The declaration activates the federal response. With no disaster declaration, the result is no authority to act, no spill plan activation, no unified command. A simple definition of unified command is command-level representatives of private, state, federal, and volunteer groups in one room with someone selected by the lead agency in command.
Instead, the administration announced the appointment of Admiral Allen to coordinate "an organization of 16 federal departments and agencies responsible for coordinating emergency preparedness and response to oil and hazardous substance pollution incidents."
This is a committee, not a unified command. State, private, and volunteer groups are absent. At best, the result is the federal government talking to itself.
With no unified command, federal resources and agencies act as they think best, without regard to any overall goal or plan. Rather than decision-making based on goals being pushed down the chain of command, we have indecision and strife percolating up to the highest political levels. Let's look at some of the publicly known events.
- Royal Dutch Shell offered to assist spill site collection with expertise and equipment. The offer was declined, yet no one quite knows who made the decision or why. The Saudis and eleven others offered assistance with similar results. Was anyone actually responding to the spill aware of the offers?
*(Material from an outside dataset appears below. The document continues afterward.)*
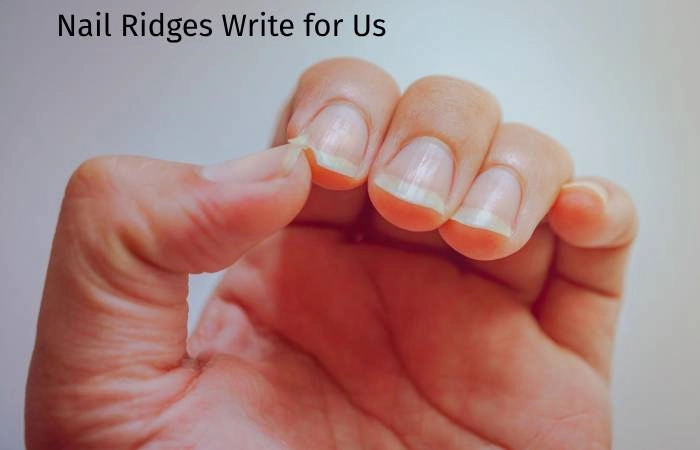 Nail Ridges Write for Us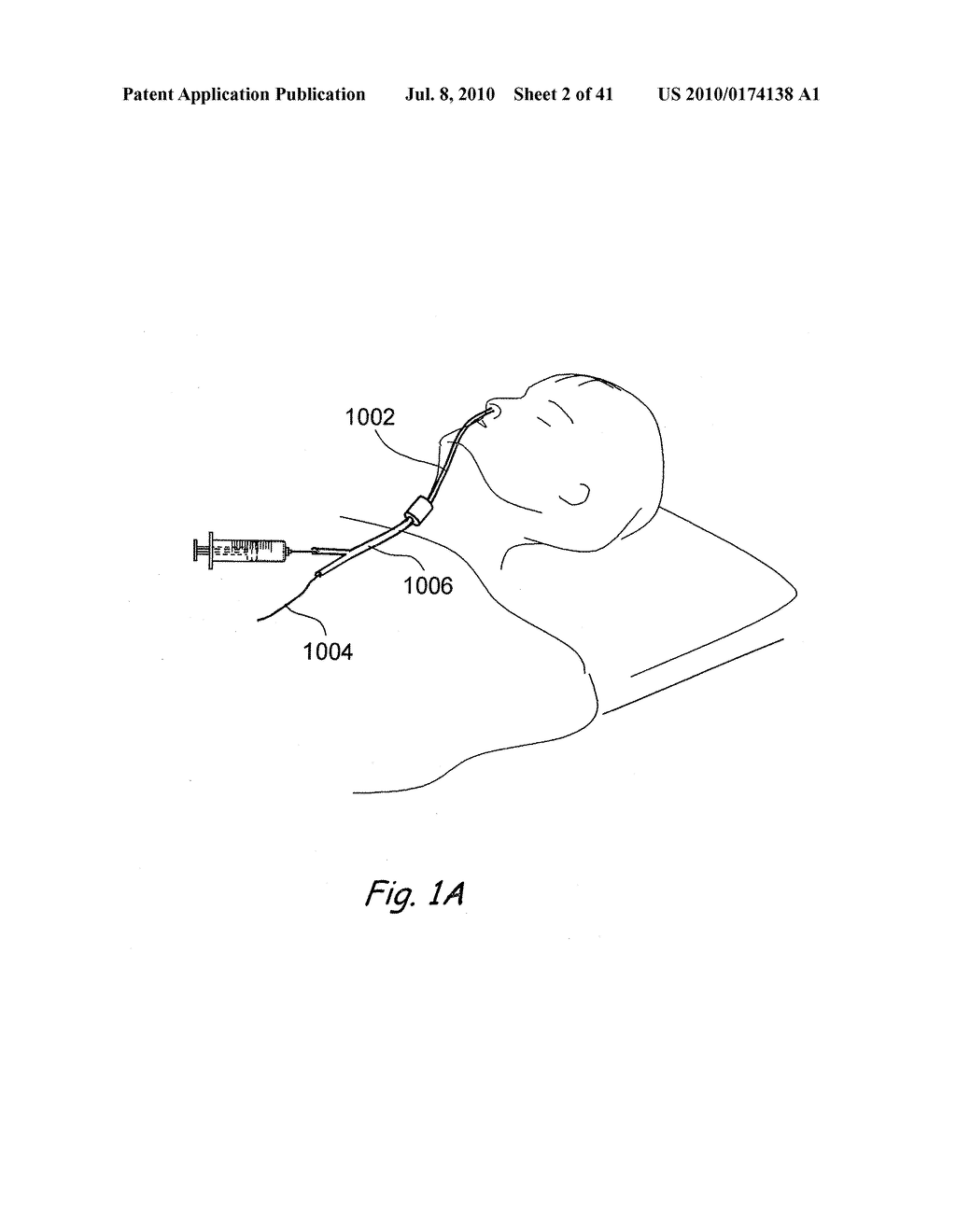 DEVICES, SYSTEMS AND METHODS USEABLE FOR TREATING SINUSITIS - diagram, schematic, and image 03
- Louisiana Governor Jindal activated local responders to mitigate damage. Approving these state solutions was treated as business as usual by the Corps of Engineers and EPA. No one is in command to give Jindal a timely response.
- Congress grilled BP about the leak rate, accusing BP of misleading the government -- the implication being that "had we known how bad it was," government would have responded differently. This is wrong on two scores. The assessment is the first step of the plan, not the criterion for activating a plan. Second, consider this analogy: When you smell smoke, would the fire department ask if you see flames to decide if they will send someone by later in the day, or send a fire truck now? The proper response is to send the fire engine now.
The 1990 Oil Pollution Act placed the authority to respond to oil spills in the hands of the president. Like it or not, with command and control authority comes responsibility. Somewhere on the president's desk is a form that has been used by presidents since Harry S. Truman. That form gives professional emergency services personnel authority to act. It's called a Presidential Declaration of Disaster, and it needs only a signature.
Meanwhile, ABC news quoted Alabama Govenor Bob Riley who put his finger on the problem.
The governor said the problem is there's still no single person giving a "yes" or "no." [...]"It's like this huge committee down there," Riley said, "and every decision that we try to implement, any one person on that committee has absolute veto power."
A committee with no approval authority. One news article I saw referred to Admiral Allen as a "Press Spokesman." That sounds about right.
The United States has the most effective Emergency Services System worldwide. Over the years, the Emergency Services structure evolved to encourage two goals: to insulate responders from the aberrations of politics, and to isolate politicians from the turmoil of an emergency. Politicians and responders each had a role, which made both effective.
The current operations in the Gulf distract the professional responders with the second-guessing of every decision by politicians, compounded by the dithering of bureaucratic business as usual -- a mess as foul, in its own way, as the oil itself.